This is one of those debates that never dies. I use tubulars. Not because I think they are better, but because until recently I was using a HED Cx front wheel that was probably bought in 1993. Back then there was no debate – all race wheels ran tubulars. So when I upgraded my rear wheel several years back, I got a tubular to match my front. Then I got a new front wheel, and well you get it. BUT – my next set of race wheels will be clinchers.
This article does a very good job of looking at both sides of this issue. To me, the main benefits of tubulars are greater puncture resistance and the ability to ride them once flat. They MAY also be faster to change when flat, but that depends on how well they’re glued and how good you are at changing clinchers. Knock on wood, I’ve never flatted in a race in 17 years – did my tubulars save me? Who knows.
BUT – tubulars’ drawbacks are many. They’re a pain to glue – and I’ve glued many over the years. They’ll potentially roll off the rim if glued improperly or if the glue dries out. And maybe the worst: Having to carry a spare tire in long races instead of just a tube or two. It can be a real pain to figure out where to attach your spare, which by the way cost $60 or more vs a $4 tube. And that brings up the overall expense: tubulars cost a bit more, but if you flat they REALLY cost more – $60+ down the drain vs $4 (come on – no one patches tubulars anymore). So you really don’t want to train on your tubulars and risk an expensive flat. Clincher race wheels? Sure train on them if you want to – at least sometimes (I prefer to wait for race day to get that extra boost though).
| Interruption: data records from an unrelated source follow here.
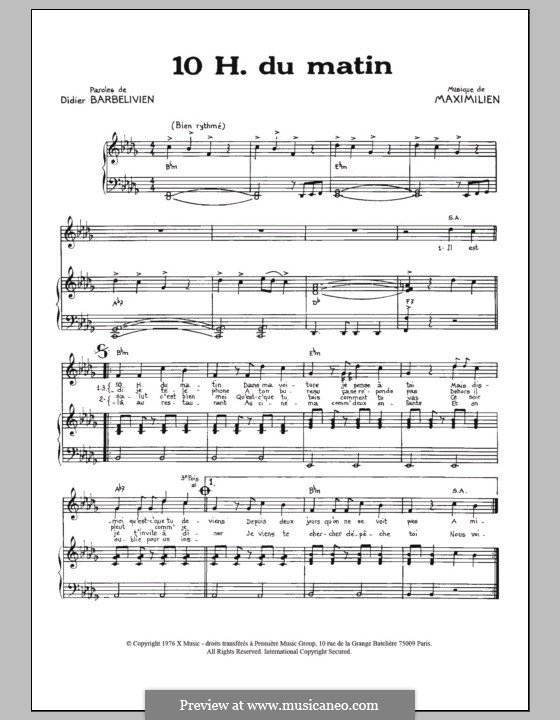 Dix Heures Du Matin: For voice and piano by Maximilien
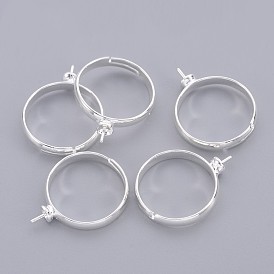 Brass Ring mountings And Settings, for Half Drilled Beads, Adjustable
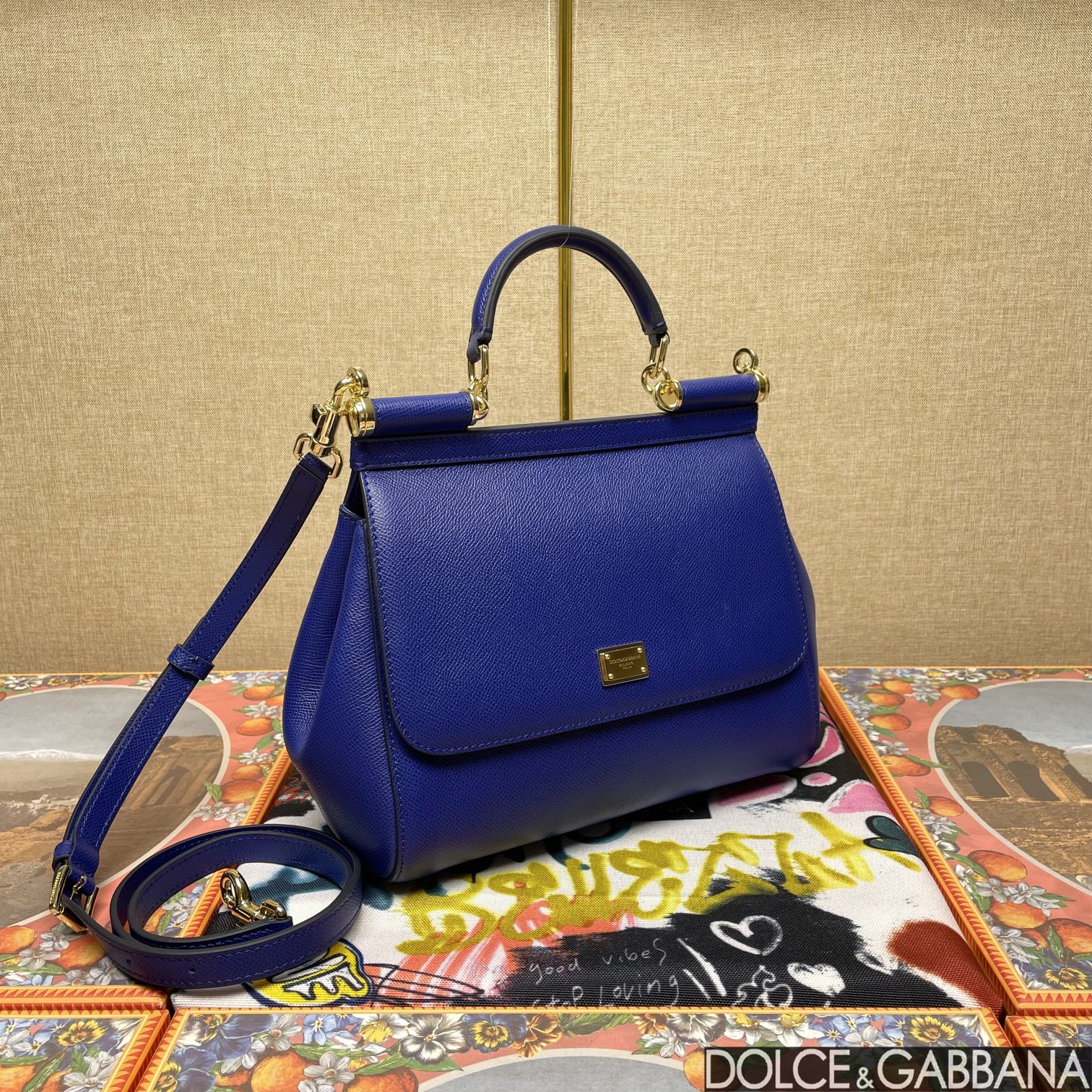 DOLCE & GABBANA Dauphine Medium Miss Sicily Satchel Blue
Things that don’t matter in my opinion: weight savings, ride quality, higher pressure (tubulars are theoretically better in all). Clinchers have really closed these gaps though, and the differences just don’t really matter in the real world. You can even get full carbon clinchers if you want to save a little weight. I personally wouldn’t pick full carbon clinchers over clincher race wheels with aluminum braking surfaces. Carbon wears down and you need special brake pads. Plus, if you do flat a carbon clincher and the tire rolls off, carbon meets asphalt which COULD do some major damage. So here again, I wouldn’t want to train on them.
So the most practical race wheels then are aluminum-rim clinchers. You can get anything from a disc to a semi-deep carbon rim to a tri-spoke in this configuration. You can run your training wheel in the back with a disc cover, and any number of race wheels in the front (which you probably wouldn’t do if your front race wheel was a tubular). And you’ll never need to know the joy of having tubular cement stuck to your fingers for days.